Essays On War

Yuliia „Taira“ Paievska. Call Sign „Fash“

Call Sign „Fash“

One day this whole world will scatter into atoms and disappear in complete silence, and then our everyday affairs will have no meaning.

But as long as the world still exists, our every action, our will, and even our thoughts influence the development of events and change the future.

Each of us can change history.

You know, it was a dark day.

But before it were years of your impeccable service.

When I touched your stiff fingers, forever white and cold, the only thing I couldn’t do was cry…

Your world was gone.

When finding myself next to death – so very close – and closing human eyes that have lost their living luster, I always feel how behind the thin veil where a person was at that moment, the whole universe that was built by them during their life has also perished.

And each time, my muscles reflexively tense up because I seem to expect that everything around me–whether it’s the shore of Azov, a dugout, the interior of an ambulance, or just the walls of a hospital–will crumble to dust, the air will explode, and the end of the world will come.

It may be happening, but on our side of the curtain, we don’t see any of it. Do sensitive people catch the echoes of that disaster…?

And here, essentially, nothing changes: someone declares their love, someone gives an order to destroy the city, someone is born, and someone dies–just like you died then.

You said that you would not leave the Azov Sea region.

Under no circumstances.

That you would die here.

At this point.

If anything, you would simply lie down in this earth and strengthen it with your will and blood.


And so it happened.

All I could reproach you for was that you did not take care of your health.

And maybe with evil and very funny trolling of some Russian-loving grannies from the villages on the line, when you took them to the Mariupol hospitals to save them from advanced stage pneumonia, or when you rescued them from their homes that were damaged by missiles. I always wondered what a miracle it was that those houses and old women survived.

The houses resembled their „owners“: some also had a roof leak. And they were stubborn: they stood, despite the enemy shelling, and warmed their equally stubborn „hosts“, who did not want to leave the doomed villages.
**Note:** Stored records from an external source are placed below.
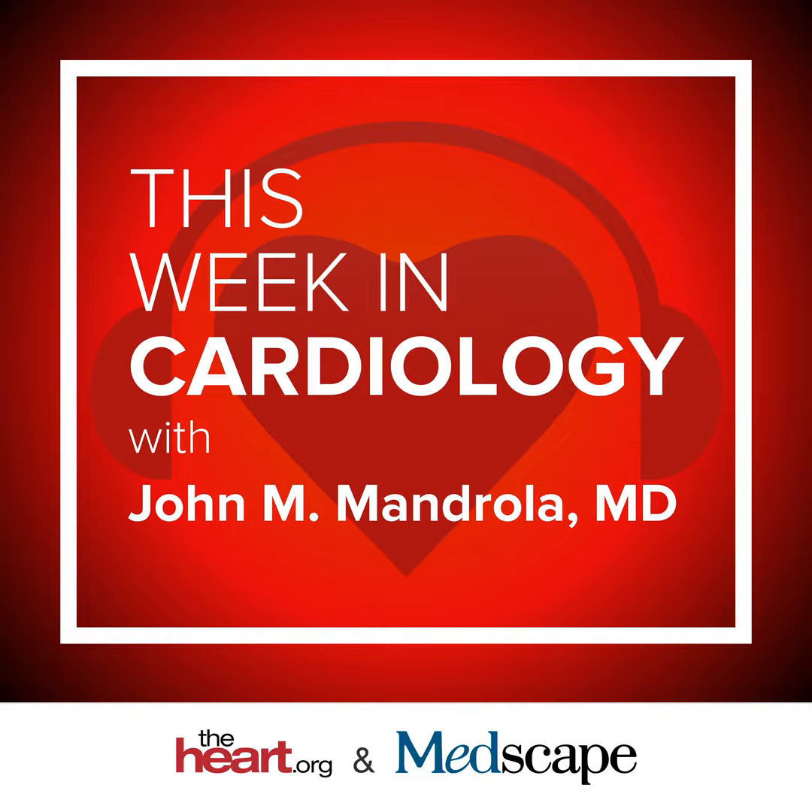I like this Mayo study, not so much because it's definitive, but because it gets American doctors thinking about lead extraction. As Dr. Rob Schaller from University of Pennsylvania said in our news story, we really should have a registry of lead extractions. This could tell us a lot about how to stratify risks. Imagine instead of a couple hundred patients like the Mayo study, we had data from thousands of people.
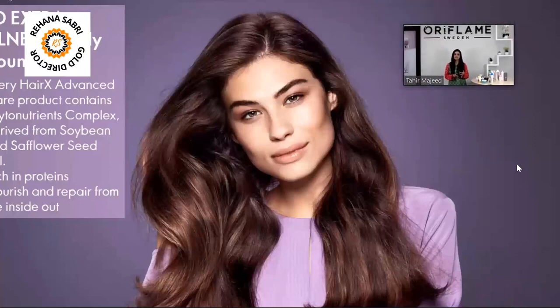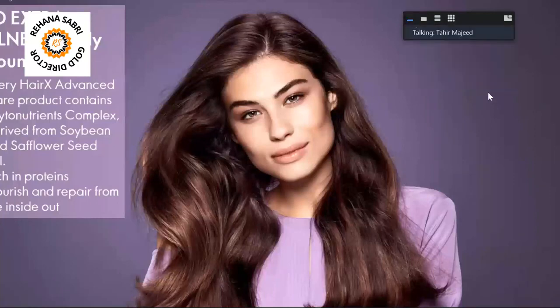These are phytonutrients which provide nourishment for your hair. They are rich in proteins which nourish and repair hair that is damaged by different environments and pollutants.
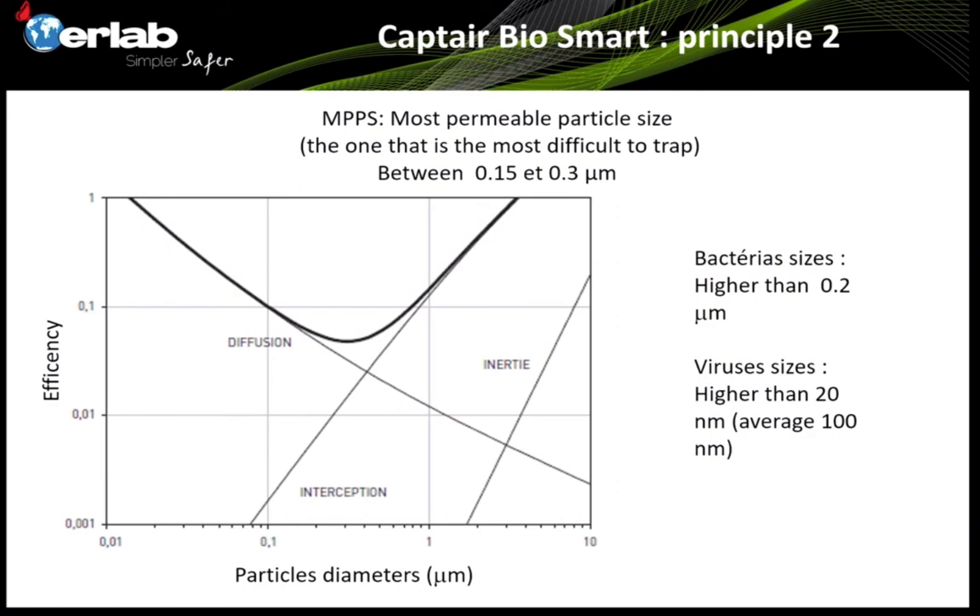As an example, we can see that the smallest bacteria have a diameter around 0.2 micrometers, and there is no problem trapping them. For virus sizes, most have dimensions higher than 20 nanometers and according to the NGPS test, they are trapped with no problem. It is also good to know that most of the time bacteria or viruses are not carried alone — they are carried by little drops of water or dust, so we are typically trapping a mix of virus plus dust or water droplets.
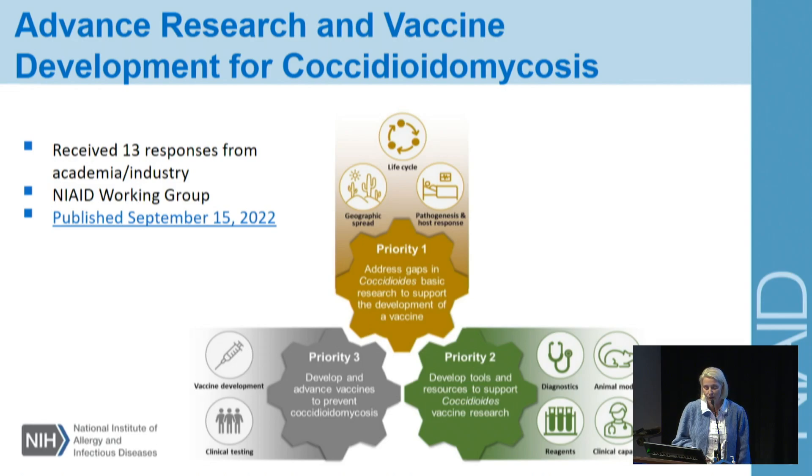In priority area one, we want to encourage research on understanding the geographic spread of this disease, the life cycle of the pathogen, as well as understanding pathogenesis, virulence, and the host immune response. As we've learned the last two days, there are still a lot of gaps in those areas. Priority two is to develop tools and resources to support vaccine development, including diagnostics, new animal models like we've heard just in this session, as well as reagents and clinical capacity.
Yes, the grandmothers of the Azov Sea region are stubborn.

You too, bro.

You too.

Your nature is the spirit of your land.

These steppes with needle grass and poppies.

With snowdrifts and impassable spring mud, when the greasy black soil clings to the mud in all seasons and strives to squeeze out the 8.1-liter miracle of the American car industry, pull it into itself, hide it deeper in that channel, in the cache, for no one knows why a huge SUV is lying on its back in the Azov steppe…

You could hold the whole front with your stubbornness, and sometimes I thought that was exactly what was happening.

Spring was already peeking through the frost.

Shadows stretched out under the sun, which was beginning to warm and burn gaps in the settled snow.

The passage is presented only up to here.